━━━━━ Supplied records

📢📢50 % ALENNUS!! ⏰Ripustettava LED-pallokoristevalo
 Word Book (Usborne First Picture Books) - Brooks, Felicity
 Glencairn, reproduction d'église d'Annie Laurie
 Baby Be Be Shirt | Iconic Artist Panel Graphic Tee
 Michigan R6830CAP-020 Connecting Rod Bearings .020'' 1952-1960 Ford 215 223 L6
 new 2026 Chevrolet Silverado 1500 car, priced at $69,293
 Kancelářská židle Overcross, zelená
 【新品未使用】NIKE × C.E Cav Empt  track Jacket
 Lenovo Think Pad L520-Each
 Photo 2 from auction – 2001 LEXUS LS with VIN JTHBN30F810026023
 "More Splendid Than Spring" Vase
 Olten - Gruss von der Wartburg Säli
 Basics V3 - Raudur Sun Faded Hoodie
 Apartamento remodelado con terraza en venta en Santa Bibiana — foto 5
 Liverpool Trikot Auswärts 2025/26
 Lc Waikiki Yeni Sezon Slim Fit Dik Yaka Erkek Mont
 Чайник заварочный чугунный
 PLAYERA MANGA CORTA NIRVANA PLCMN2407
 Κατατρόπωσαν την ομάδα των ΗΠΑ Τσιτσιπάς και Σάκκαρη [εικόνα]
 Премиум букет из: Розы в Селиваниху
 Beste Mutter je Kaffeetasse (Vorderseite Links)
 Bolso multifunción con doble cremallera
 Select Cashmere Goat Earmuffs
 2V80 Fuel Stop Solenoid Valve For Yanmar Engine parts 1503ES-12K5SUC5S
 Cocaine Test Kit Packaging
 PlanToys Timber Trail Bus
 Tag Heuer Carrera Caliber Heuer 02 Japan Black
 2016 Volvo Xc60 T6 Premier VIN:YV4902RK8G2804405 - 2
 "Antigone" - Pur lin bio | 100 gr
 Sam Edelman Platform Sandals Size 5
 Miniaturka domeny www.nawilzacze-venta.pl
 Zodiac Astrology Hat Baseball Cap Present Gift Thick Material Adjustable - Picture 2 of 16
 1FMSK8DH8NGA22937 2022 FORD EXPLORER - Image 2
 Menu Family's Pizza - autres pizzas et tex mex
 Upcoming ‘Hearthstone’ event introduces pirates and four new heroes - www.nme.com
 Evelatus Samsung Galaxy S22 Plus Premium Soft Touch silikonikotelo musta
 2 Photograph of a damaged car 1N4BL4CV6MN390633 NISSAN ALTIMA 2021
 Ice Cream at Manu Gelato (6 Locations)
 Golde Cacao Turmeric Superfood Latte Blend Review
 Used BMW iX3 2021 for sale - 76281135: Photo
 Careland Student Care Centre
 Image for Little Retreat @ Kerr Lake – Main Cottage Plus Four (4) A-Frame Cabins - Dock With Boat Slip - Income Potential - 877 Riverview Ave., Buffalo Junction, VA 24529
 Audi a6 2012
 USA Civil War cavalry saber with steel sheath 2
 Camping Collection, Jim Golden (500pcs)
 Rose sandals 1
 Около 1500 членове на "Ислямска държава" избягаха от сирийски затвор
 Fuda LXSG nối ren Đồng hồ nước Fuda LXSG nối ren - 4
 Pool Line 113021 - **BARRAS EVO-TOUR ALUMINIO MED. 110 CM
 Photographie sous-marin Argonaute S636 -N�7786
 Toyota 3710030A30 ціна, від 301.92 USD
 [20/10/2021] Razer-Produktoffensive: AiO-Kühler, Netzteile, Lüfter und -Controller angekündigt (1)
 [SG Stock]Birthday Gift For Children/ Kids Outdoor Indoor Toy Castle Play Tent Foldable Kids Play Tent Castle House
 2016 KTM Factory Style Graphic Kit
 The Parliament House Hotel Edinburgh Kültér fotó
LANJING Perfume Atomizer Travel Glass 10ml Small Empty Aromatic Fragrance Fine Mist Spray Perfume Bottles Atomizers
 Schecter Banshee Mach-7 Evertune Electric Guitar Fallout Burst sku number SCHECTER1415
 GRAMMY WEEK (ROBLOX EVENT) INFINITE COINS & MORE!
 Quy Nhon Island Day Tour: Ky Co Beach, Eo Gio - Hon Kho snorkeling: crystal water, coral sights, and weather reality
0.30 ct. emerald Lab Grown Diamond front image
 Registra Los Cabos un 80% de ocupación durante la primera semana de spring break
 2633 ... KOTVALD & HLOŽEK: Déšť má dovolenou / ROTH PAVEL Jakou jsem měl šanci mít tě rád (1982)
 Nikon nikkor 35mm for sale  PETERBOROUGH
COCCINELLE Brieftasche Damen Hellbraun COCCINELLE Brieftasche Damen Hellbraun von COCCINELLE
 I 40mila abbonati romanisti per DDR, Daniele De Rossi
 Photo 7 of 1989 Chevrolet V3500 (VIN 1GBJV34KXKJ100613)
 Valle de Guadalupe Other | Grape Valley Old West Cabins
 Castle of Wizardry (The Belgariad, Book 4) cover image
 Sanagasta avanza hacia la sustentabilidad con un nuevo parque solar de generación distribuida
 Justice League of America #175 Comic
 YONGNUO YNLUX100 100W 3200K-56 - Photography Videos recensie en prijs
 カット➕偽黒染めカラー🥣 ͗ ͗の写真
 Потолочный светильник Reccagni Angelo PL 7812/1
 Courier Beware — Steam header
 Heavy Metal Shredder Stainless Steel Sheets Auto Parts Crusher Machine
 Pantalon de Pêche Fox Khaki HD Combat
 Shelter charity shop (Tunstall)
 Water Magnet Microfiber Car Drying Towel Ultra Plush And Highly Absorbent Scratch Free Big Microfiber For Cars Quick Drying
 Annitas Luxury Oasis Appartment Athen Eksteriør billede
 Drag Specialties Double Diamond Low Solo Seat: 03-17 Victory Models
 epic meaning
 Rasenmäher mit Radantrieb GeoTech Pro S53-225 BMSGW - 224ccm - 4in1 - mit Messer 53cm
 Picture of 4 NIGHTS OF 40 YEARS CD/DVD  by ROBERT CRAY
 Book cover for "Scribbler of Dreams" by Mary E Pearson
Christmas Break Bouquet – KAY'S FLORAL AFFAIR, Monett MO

━━━━━━━━━━

> _Brief_
Output the material in full, exactly as it appears.

> _Solution for this problem_
📢📢50 % ALENNUS!! ⏰Ripustettava LED-pallokoristevalo
 Word Book (Usborne First Picture Books) - Brooks, Felicity
 Glencairn, reproduction d'église d'Annie Laurie
 Baby Be Be Shirt | Iconic Artist Panel Graphic Tee
 Michigan R6830CAP-020 Connecting Rod Bearings .020'' 1952-1960 Ford 215 223 L6
 new 2026 Chevrolet Silverado 1500 car, priced at $69,293
 Kancelářská židle Overcross, zelená
 【新品未使用】NIKE × C.E Cav Empt  track Jacket
 Lenovo Think Pad L520-Each
 Photo 2 from auction – 2001 LEXUS LS with VIN JTHBN30F810026023
 "More Splendid Than Spring" Vase
 Olten - Gruss von der Wartburg Säli
 Basics V3 - Raudur Sun Faded Hoodie
 Apartamento remodelado con terraza en venta en Santa Bibiana — foto 5
 Liverpool Trikot Auswärts 2025/26
 Lc Waikiki Yeni Sezon Slim Fit Dik Yaka Erkek Mont
 Чайник заварочный чугунный
 PLAYERA MANGA CORTA NIRVANA PLCMN2407
 Κατατρόπωσαν την ομάδα των ΗΠΑ Τσιτσιπάς και Σάκκαρη [εικόνα]
 Премиум букет из: Розы в Селиваниху
 Beste Mutter je Kaffeetasse (Vorderseite Links)
 Bolso multifunción con doble cremallera
 Select Cashmere Goat Earmuffs
 2V80 Fuel Stop Solenoid Valve For Yanmar Engine parts 1503ES-12K5SUC5S
 Cocaine Test Kit Packaging
 PlanToys Timber Trail Bus
 Tag Heuer Carrera Caliber Heuer 02 Japan Black
 2016 Volvo Xc60 T6 Premier VIN:YV4902RK8G2804405 - 2
 "Antigone" - Pur lin bio | 100 gr
 Sam Edelman Platform Sandals Size 5
 Miniaturka domeny www.nawilzacze-venta.pl
 Zodiac Astrology Hat Baseball Cap Present Gift Thick Material Adjustable - Picture 2 of 16
 1FMSK8DH8NGA22937 2022 FORD EXPLORER - Image 2
 Menu Family's Pizza - autres pizzas et tex mex
 Upcoming ‘Hearthstone’ event introduces pirates and four new heroes - www.nme.com
 Evelatus Samsung Galaxy S22 Plus Premium Soft Touch silikonikotelo musta
 2 Photograph of a damaged car 1N4BL4CV6MN390633 NISSAN ALTIMA 2021
 Ice Cream at Manu Gelato (6 Locations)
 Golde Cacao Turmeric Superfood Latte Blend Review
 Used BMW iX3 2021 for sale - 76281135: Photo
 Careland Student Care Centre
 Image for Little Retreat @ Kerr Lake – Main Cottage Plus Four (4) A-Frame Cabins - Dock With Boat Slip - Income Potential - 877 Riverview Ave., Buffalo Junction, VA 24529
 Audi a6 2012
 USA Civil War cavalry saber with steel sheath 2
 Camping Collection, Jim Golden (500pcs)
 Rose sandals 1
 Около 1500 членове на "Ислямска държава" избягаха от сирийски затвор
 Fuda LXSG nối ren Đồng hồ nước Fuda LXSG nối ren - 4
 Pool Line 113021 - **BARRAS EVO-TOUR ALUMINIO MED. 110 CM
 Photographie sous-marin Argonaute S636 -N�7786
 Toyota 3710030A30 ціна, від 301.92 USD
 [20/10/2021] Razer-Produktoffensive: AiO-Kühler, Netzteile, Lüfter und -Controller angekündigt (1)
 [SG Stock]Birthday Gift For Children/ Kids Outdoor Indoor Toy Castle Play Tent Foldable Kids Play Tent Castle House
 2016 KTM Factory Style Graphic Kit
 The Parliament House Hotel Edinburgh Kültér fotó
LANJING Perfume Atomizer Travel Glass 10ml Small Empty Aromatic Fragrance Fine Mist Spray Perfume Bottles Atomizers
 Schecter Banshee Mach-7 Evertune Electric Guitar Fallout Burst sku number SCHECTER1415
 GRAMMY WEEK (ROBLOX EVENT) INFINITE COINS & MORE!
 Quy Nhon Island Day Tour: Ky Co Beach, Eo Gio - Hon Kho snorkeling: crystal water, coral sights, and weather reality
0.30 ct. emerald Lab Grown Diamond front image
 Registra Los Cabos un 80% de ocupación durante la primera semana de spring break
 2633 ... KOTVALD & HLOŽEK: Déšť má dovolenou / ROTH PAVEL Jakou jsem měl šanci mít tě rád (1982)
 Nikon nikkor 35mm for sale  PETERBOROUGH
COCCINELLE Brieftasche Damen Hellbraun COCCINELLE Brieftasche Damen Hellbraun von COCCINELLE
 I 40mila abbonati romanisti per DDR, Daniele De Rossi
 Photo 7 of 1989 Chevrolet V3500 (VIN 1GBJV34KXKJ100613)
 Valle de Guadalupe Other | Grape Valley Old West Cabins
 Castle of Wizardry (The Belgariad, Book 4) cover image
 Sanagasta avanza hacia la sustentabilidad con un nuevo parque solar de generación distribuida
 Justice League of America #175 Comic
 YONGNUO YNLUX100 100W 3200K-56 - Photography Videos recensie en prijs
 カット➕偽黒染めカラー🥣 ͗ ͗の写真
 Потолочный светильник Reccagni Angelo PL 7812/1
 Courier Beware — Steam header
 Heavy Metal Shredder Stainless Steel Sheets Auto Parts Crusher Machine
 Pantalon de Pêche Fox Khaki HD Combat
 Shelter charity shop (Tunstall)
 Water Magnet Microfiber Car Drying Towel Ultra Plush And Highly Absorbent Scratch Free Big Microfiber For Cars Quick Drying
 Annitas Luxury Oasis Appartment Athen Eksteriør billede
 Drag Specialties Double Diamond Low Solo Seat: 03-17 Victory Models
 epic meaning
 Rasenmäher mit Radantrieb GeoTech Pro S53-225 BMSGW - 224ccm - 4in1 - mit Messer 53cm
 Picture of 4 NIGHTS OF 40 YEARS CD/DVD  by ROBERT CRAY
 Book cover for "Scribbler of Dreams" by Mary E Pearson
Christmas Break Bouquet – KAY'S FLORAL AFFAIR, Monett MO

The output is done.